16. Manifest and Provenance

Manifest must include:

  • schema_id + schema_version per artifact

  • sha256 checksum for integrity checks

  • References to setup.json, provenance.json, report_spec.yaml, kpi_catalog.yaml

Provenance must capture (schema_version 2):

  • git commit hash and dirty state

  • command line and environment

  • timestamps and resource summary

  • cem_version and feelpp_version

17. Fallback Plan

  • If Arrow/Parquet is unavailable, fall back to JSON/CSV.

  • Manifest must mark backend=json and list schema ids with schema_version.

  • Document a migration path back to Parquet when enabled.

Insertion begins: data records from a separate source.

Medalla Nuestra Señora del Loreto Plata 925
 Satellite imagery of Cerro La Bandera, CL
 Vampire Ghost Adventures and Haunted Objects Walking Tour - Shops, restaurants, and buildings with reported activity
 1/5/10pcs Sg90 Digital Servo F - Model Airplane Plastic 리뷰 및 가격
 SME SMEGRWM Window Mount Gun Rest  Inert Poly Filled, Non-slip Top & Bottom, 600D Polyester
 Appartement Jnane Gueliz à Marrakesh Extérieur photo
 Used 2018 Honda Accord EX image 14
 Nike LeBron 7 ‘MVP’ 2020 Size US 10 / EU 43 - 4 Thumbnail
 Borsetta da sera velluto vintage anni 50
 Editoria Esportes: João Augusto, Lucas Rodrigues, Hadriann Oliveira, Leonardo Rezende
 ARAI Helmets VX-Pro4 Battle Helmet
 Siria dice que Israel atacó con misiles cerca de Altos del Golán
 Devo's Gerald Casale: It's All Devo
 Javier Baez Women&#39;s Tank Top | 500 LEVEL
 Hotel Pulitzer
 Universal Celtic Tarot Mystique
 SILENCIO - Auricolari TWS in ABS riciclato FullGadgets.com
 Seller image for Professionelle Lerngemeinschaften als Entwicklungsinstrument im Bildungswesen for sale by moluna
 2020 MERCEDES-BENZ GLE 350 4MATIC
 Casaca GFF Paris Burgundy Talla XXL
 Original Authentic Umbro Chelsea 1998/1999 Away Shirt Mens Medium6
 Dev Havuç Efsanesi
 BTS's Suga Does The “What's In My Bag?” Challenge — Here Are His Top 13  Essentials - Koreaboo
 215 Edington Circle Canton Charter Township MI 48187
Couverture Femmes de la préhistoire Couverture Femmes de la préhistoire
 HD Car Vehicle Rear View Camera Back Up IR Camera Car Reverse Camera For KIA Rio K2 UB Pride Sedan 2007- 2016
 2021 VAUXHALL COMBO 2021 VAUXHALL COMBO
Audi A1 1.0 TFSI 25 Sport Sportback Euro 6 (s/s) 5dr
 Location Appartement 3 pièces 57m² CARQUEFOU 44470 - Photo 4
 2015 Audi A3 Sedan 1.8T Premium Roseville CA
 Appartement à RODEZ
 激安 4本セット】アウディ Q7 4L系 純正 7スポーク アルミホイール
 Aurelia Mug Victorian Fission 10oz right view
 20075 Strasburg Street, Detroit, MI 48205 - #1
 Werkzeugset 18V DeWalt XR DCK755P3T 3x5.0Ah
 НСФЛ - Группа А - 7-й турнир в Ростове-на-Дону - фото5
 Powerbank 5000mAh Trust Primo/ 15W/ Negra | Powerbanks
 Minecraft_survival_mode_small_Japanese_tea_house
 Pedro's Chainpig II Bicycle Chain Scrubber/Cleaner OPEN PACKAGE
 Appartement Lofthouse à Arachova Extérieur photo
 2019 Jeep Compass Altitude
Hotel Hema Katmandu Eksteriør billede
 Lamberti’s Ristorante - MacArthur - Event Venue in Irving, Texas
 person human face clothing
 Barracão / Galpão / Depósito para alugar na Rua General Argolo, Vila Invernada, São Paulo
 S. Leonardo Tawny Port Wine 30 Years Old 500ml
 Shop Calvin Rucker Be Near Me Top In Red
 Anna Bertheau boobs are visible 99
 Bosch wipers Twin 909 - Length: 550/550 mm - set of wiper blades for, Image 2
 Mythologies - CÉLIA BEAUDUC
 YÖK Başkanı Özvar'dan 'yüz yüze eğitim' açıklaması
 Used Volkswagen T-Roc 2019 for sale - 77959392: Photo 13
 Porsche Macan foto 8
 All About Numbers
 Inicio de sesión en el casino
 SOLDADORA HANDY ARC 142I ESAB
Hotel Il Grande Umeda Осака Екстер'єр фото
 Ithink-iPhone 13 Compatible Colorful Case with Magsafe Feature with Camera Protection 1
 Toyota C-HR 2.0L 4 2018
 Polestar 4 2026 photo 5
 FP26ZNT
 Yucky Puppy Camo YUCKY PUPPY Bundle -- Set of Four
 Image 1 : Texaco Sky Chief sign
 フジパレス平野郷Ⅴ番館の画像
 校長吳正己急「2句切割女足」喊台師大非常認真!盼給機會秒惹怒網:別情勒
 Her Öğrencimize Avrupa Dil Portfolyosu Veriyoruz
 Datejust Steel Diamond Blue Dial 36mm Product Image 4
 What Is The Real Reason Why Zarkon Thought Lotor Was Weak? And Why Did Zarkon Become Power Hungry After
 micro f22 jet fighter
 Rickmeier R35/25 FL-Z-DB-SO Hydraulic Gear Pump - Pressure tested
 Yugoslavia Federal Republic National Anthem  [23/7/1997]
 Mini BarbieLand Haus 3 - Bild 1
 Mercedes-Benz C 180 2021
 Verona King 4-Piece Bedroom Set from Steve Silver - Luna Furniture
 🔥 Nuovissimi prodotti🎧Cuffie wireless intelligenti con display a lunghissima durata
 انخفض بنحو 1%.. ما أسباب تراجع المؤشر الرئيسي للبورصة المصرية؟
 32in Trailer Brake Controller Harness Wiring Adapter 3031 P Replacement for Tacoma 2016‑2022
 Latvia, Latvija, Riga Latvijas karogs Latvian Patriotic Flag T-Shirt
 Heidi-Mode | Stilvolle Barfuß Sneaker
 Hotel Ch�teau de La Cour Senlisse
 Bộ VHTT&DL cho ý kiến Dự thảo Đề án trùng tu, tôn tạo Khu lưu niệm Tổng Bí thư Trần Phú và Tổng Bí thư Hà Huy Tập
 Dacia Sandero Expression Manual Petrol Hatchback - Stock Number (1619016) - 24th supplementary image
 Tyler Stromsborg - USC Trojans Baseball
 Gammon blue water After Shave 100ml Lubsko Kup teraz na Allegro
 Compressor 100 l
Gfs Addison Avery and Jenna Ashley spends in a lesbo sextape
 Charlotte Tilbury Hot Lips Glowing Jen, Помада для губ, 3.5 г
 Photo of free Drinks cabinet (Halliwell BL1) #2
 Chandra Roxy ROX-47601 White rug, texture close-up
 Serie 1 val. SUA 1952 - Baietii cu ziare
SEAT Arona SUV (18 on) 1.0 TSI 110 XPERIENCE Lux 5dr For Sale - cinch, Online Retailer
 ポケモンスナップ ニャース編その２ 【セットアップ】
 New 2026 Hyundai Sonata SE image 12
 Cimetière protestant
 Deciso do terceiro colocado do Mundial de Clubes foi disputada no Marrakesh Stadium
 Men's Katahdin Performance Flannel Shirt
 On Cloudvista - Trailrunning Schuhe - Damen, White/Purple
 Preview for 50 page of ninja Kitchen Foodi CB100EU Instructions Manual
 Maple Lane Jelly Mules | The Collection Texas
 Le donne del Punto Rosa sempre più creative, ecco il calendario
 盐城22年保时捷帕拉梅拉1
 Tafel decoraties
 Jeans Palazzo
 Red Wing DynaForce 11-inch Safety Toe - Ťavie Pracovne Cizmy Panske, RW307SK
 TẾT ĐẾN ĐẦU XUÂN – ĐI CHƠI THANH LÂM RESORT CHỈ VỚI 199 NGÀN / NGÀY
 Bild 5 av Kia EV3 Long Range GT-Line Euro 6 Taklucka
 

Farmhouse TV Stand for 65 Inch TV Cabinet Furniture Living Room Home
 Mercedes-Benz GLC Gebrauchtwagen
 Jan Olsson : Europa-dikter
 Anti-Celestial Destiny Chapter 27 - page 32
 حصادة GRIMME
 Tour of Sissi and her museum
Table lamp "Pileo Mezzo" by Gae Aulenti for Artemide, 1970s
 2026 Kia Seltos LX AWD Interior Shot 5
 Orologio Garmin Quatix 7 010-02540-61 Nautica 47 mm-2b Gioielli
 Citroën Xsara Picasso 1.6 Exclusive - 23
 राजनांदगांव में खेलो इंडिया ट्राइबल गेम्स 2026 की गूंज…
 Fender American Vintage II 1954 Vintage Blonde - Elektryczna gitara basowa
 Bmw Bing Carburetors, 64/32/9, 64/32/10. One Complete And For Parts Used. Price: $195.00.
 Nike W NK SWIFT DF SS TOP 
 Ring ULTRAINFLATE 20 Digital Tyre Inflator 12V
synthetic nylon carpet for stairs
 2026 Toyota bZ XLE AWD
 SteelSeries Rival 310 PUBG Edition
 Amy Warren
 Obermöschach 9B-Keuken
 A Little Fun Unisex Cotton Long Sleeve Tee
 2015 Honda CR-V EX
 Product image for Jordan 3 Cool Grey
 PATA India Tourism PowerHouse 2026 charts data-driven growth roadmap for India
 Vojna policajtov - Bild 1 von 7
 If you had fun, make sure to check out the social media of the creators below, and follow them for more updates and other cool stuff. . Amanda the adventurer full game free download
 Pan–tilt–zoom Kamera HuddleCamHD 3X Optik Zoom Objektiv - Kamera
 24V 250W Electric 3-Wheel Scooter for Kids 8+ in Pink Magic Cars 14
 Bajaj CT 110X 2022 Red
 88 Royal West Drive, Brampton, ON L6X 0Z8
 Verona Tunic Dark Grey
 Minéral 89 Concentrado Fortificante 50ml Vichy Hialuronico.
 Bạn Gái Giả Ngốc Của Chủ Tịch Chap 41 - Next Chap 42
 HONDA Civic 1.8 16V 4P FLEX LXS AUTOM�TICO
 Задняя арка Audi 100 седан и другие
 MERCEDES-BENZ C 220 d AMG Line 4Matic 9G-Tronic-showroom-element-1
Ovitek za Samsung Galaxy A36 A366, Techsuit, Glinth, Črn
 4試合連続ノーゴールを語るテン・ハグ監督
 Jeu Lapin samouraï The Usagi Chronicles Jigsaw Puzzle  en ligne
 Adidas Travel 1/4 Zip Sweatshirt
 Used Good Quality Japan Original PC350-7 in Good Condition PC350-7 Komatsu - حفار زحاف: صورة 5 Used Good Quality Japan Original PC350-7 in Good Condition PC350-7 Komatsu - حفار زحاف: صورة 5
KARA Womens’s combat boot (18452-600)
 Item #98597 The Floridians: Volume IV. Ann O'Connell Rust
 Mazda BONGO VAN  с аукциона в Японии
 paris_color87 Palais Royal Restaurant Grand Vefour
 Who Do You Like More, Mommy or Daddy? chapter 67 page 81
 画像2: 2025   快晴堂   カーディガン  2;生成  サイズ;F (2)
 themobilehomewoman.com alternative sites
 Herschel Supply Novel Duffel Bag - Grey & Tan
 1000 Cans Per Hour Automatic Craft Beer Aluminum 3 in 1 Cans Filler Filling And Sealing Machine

18. UML (Facade + Strategy + Factory)

+------------------+         +---------------------+
|   StatsEngine    |-------> |   IComputeStrategy  |
| (Facade/Template)|         |  (Strategy)         |
+------------------+         +----------+----------+
         |                               |
         v                               v
+------------------+         +---------------------+
| ReducerFactory   |-------> |   IReducer          |
|  (Factory)       |         |  (Mergeable)        |
+------------------+         +---------------------+

19. Arrow Schema Definitions

Code-ready Arrow schema builders are defined in:

  • src/cpp/ktirio/ub/stats/schema.hpp Shared artifacts appear once with "type": "shared". Partitioned artifacts are grouped under a single entry with "type": "partitioned" and a files array containing per-rank paths and checksums.